• [What you need to do] Using the entries that follow, transcribe only the lines from the line with "Охотникам Томской области" to the line with "感染幽门螺杆菌或诱发胃癌，当心病菌在家庭内传播！", both included, exactly as they stand and without pictures.

(Short descriptive text snippets)
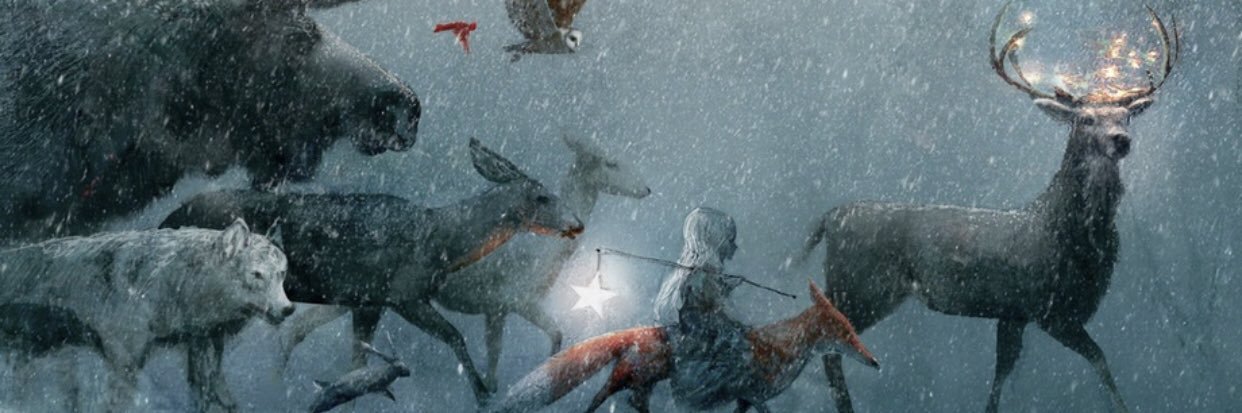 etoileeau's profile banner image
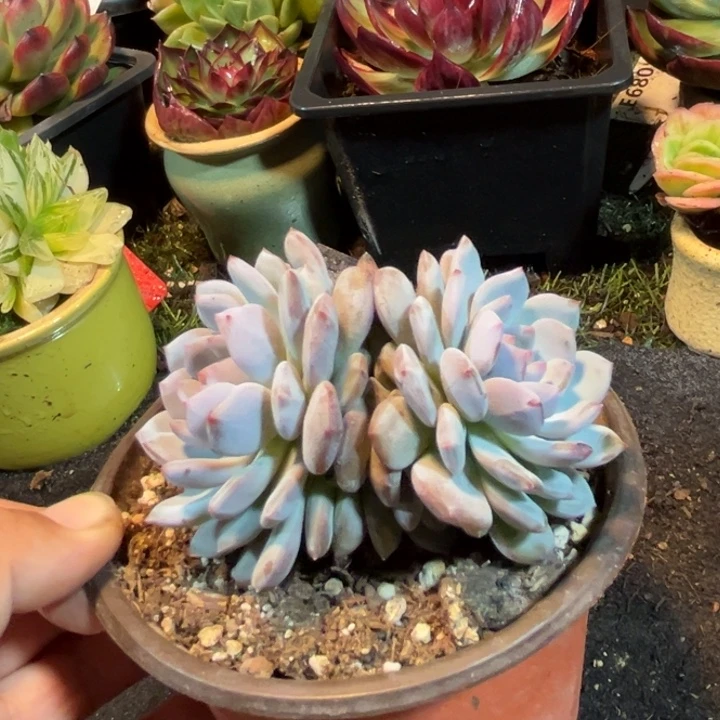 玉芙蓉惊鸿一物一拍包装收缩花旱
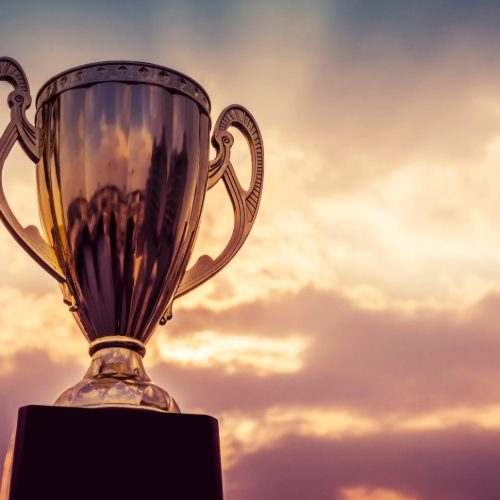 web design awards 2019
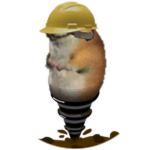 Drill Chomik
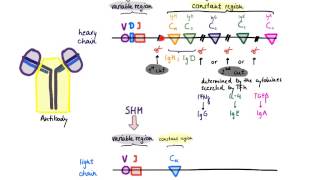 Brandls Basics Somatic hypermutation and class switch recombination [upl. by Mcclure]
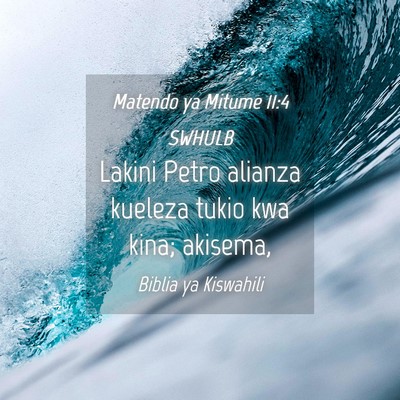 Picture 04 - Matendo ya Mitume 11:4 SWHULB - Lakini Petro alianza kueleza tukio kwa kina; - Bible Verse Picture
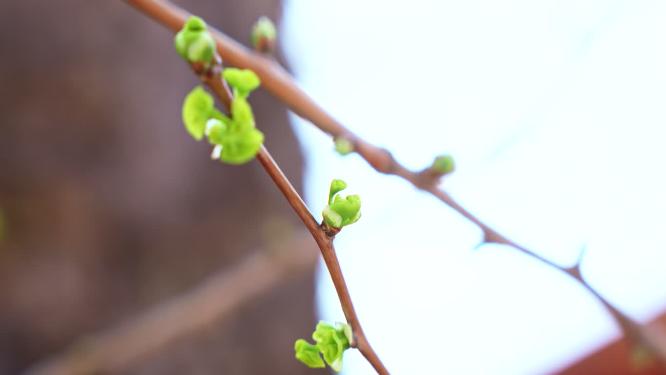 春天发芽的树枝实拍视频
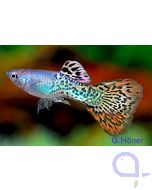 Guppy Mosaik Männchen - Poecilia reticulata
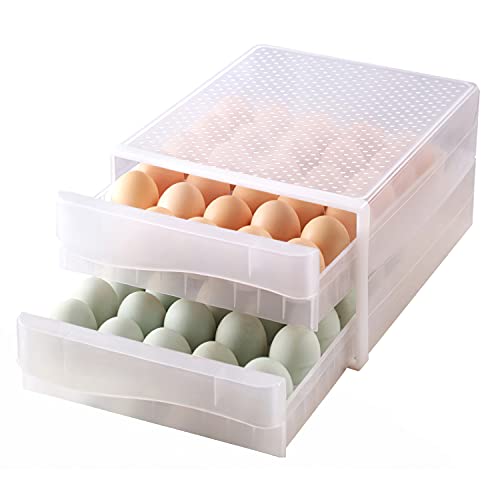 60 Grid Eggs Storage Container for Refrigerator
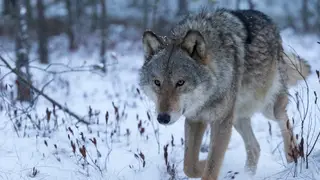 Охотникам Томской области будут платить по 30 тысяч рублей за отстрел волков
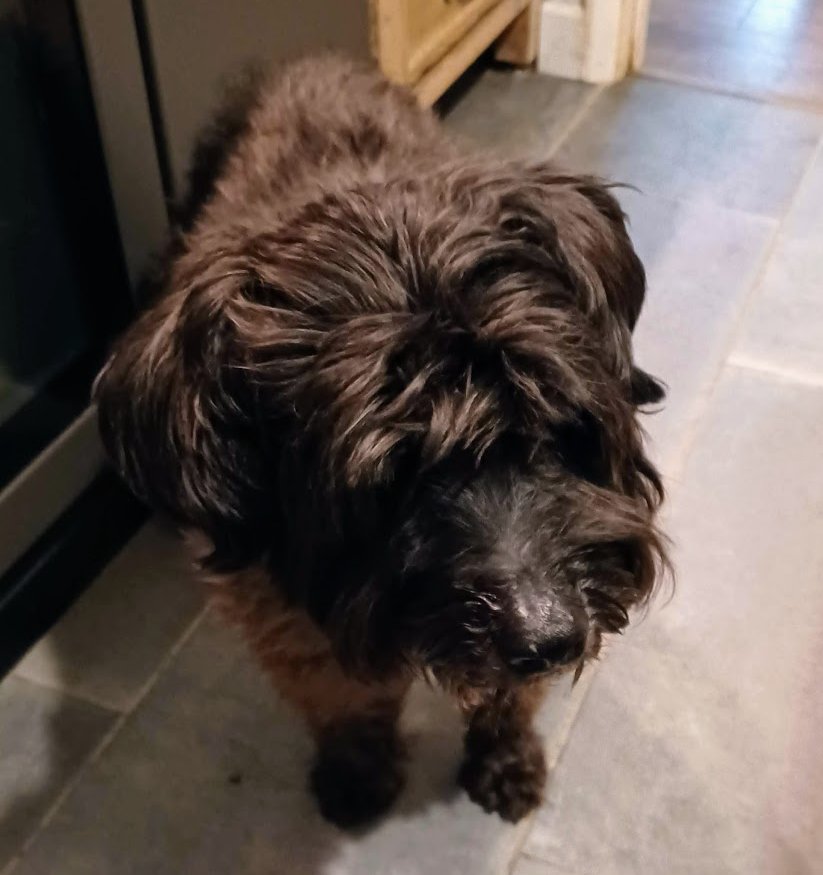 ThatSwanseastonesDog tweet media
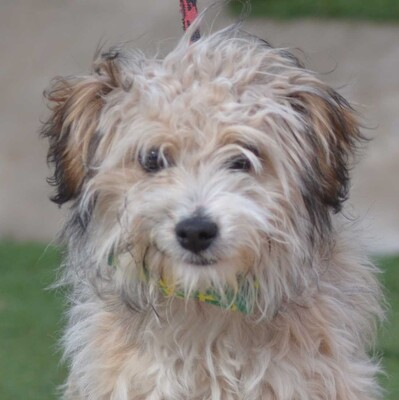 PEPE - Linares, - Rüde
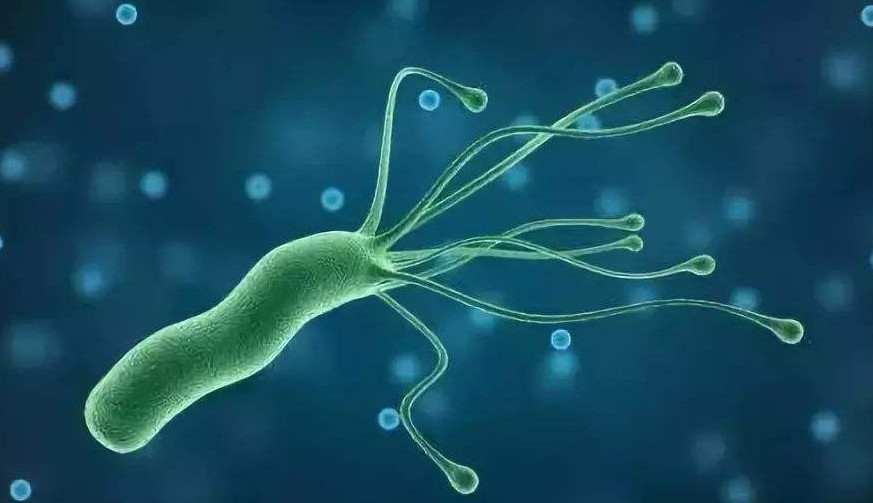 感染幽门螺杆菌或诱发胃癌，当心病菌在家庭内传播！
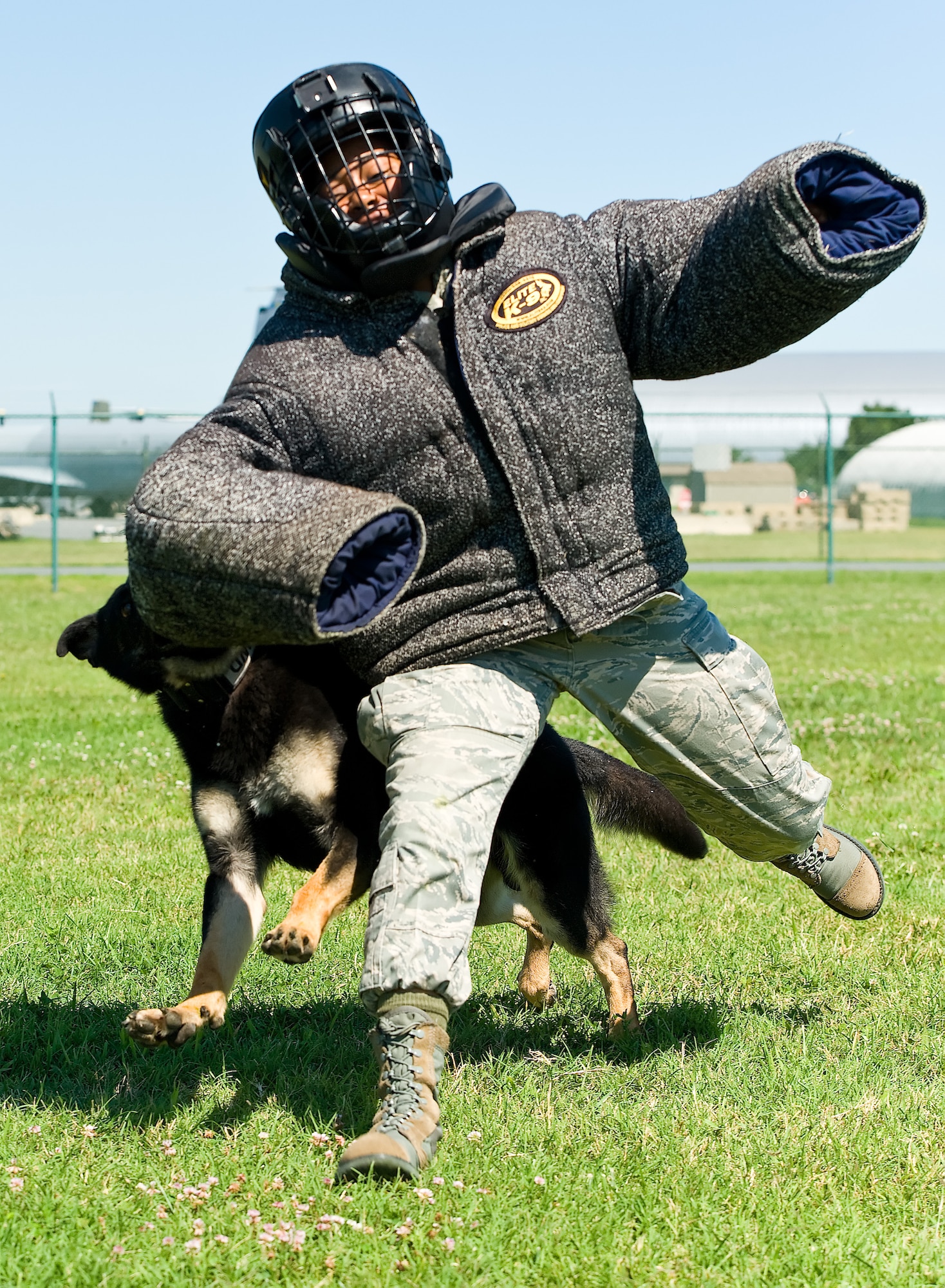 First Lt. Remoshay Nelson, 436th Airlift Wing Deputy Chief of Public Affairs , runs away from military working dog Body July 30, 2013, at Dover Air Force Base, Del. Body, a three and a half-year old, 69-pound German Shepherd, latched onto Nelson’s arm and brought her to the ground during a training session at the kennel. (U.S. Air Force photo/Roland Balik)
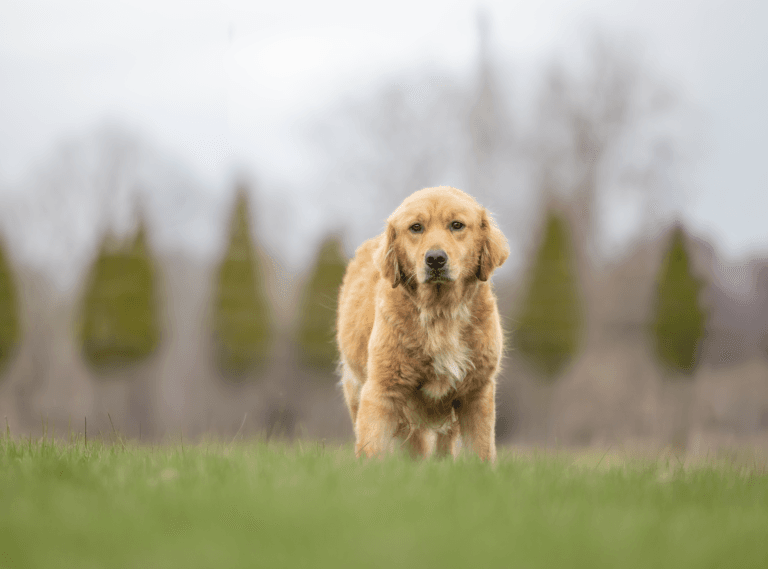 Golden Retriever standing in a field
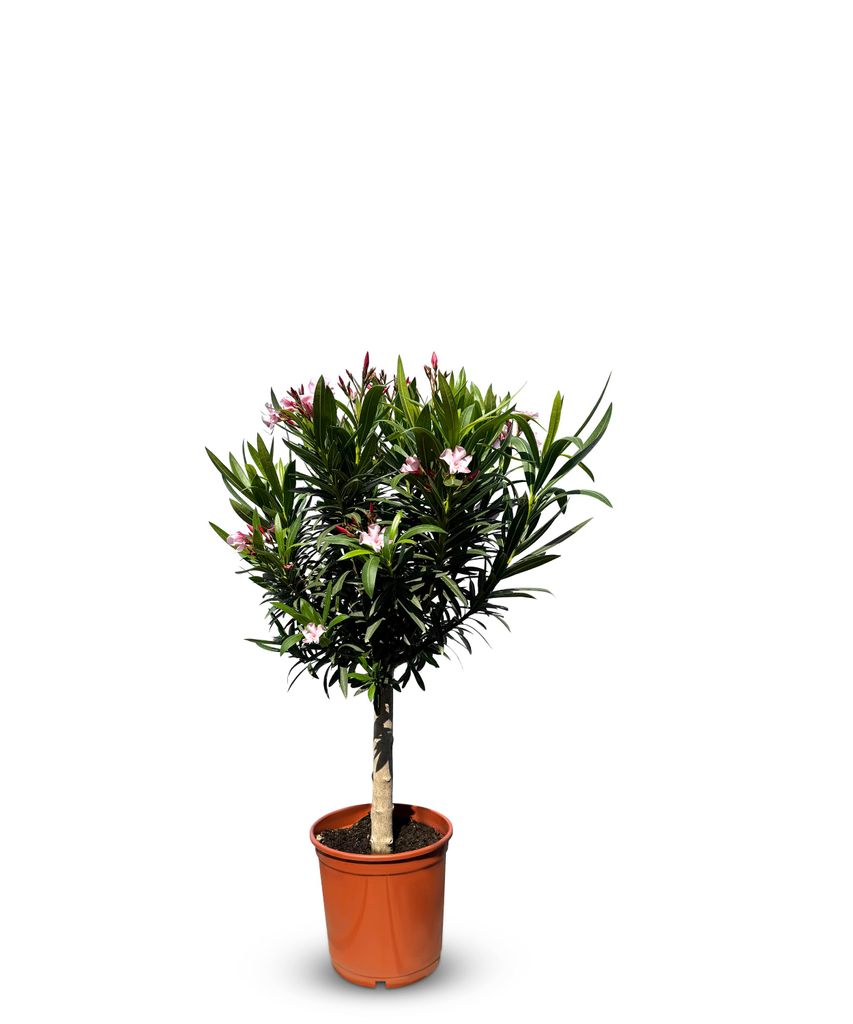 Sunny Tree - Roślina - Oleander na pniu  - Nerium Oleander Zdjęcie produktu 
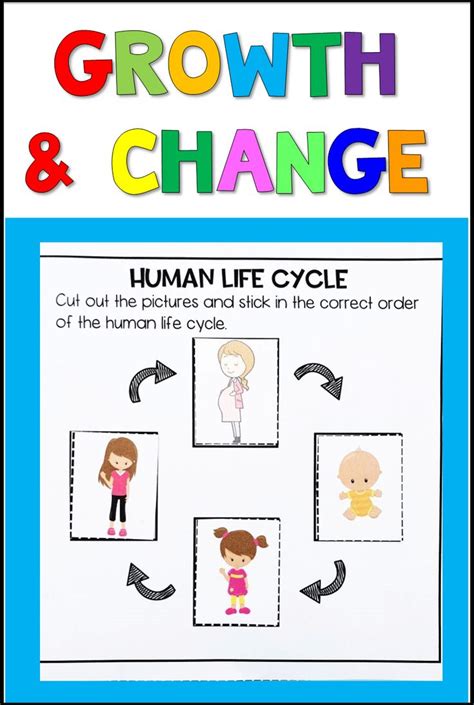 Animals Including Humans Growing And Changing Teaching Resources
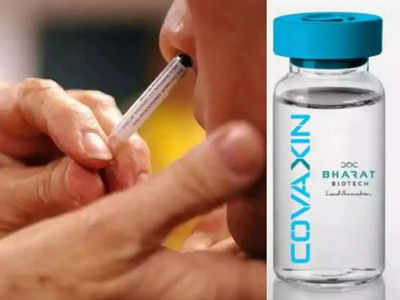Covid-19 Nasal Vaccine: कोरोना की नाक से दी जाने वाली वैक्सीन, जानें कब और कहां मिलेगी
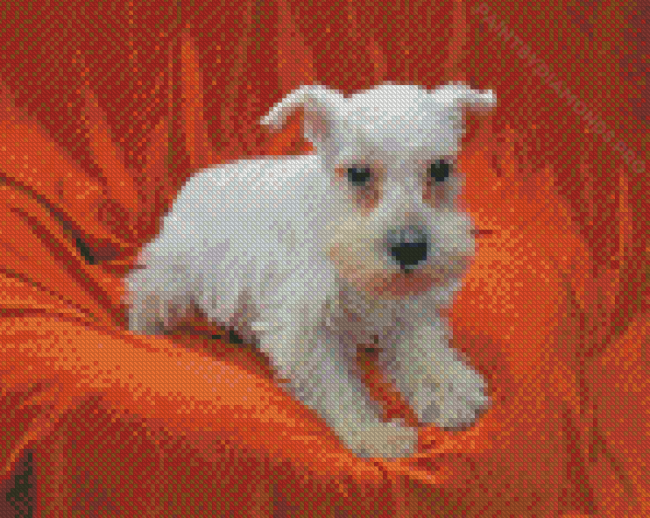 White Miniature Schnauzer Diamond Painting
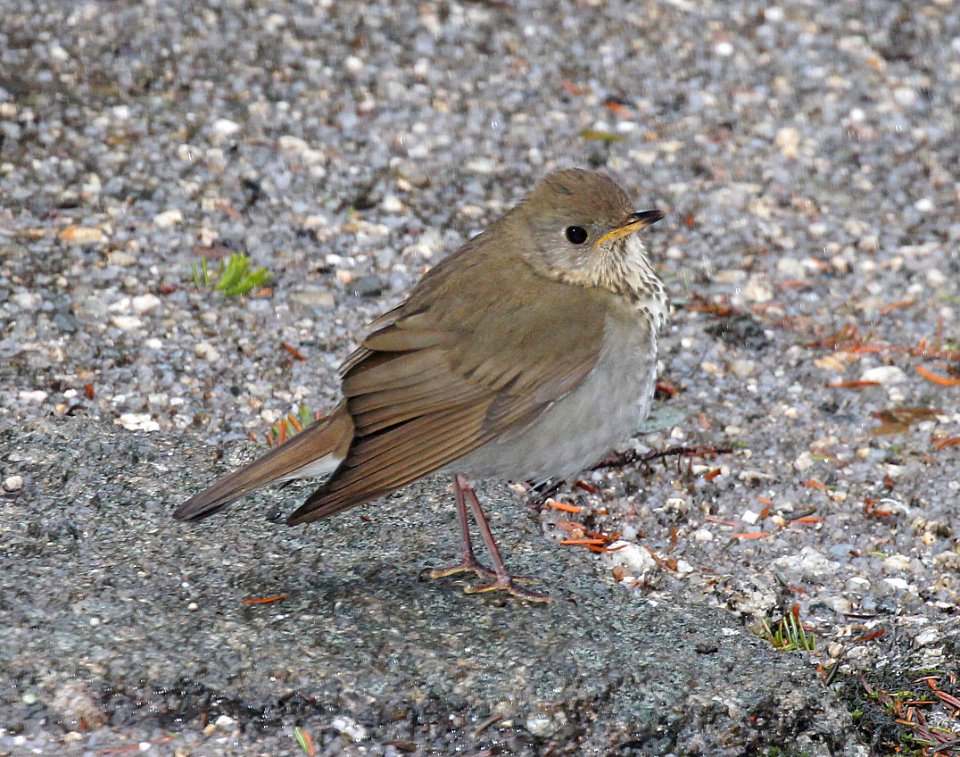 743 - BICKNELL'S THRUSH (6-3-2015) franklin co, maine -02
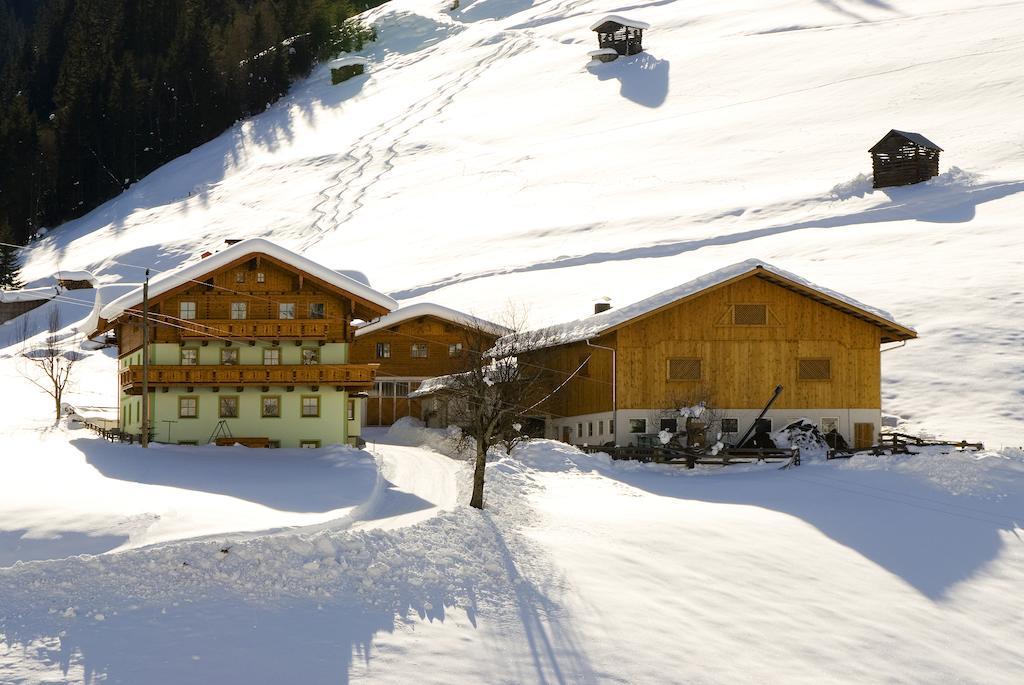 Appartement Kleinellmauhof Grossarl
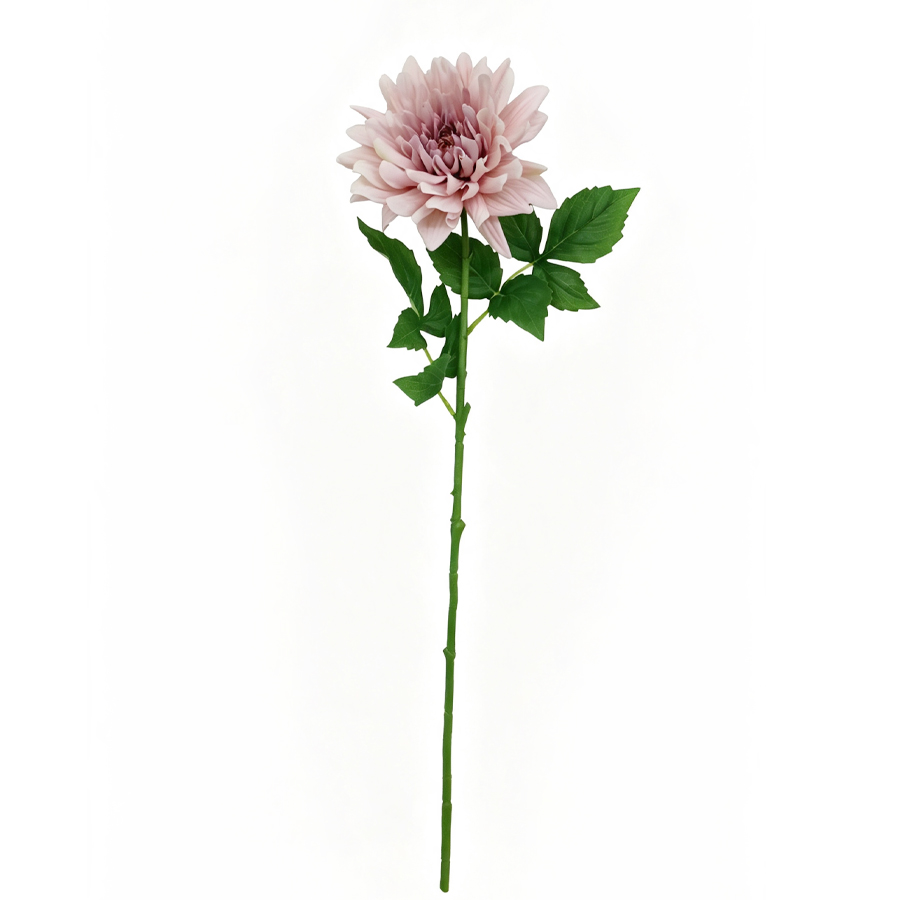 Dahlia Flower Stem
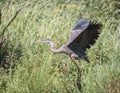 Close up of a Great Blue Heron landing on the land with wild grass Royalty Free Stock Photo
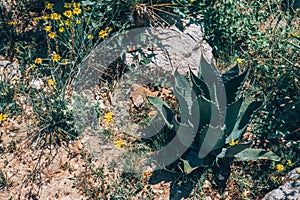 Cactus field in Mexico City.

• [Response below]
 Охотникам Томской области будут платить по 30 тысяч рублей за отстрел волков
 ThatSwanseastonesDog tweet media
 PEPE - Linares, - Rüde
 感染幽门螺杆菌或诱发胃癌，当心病菌在家庭内传播！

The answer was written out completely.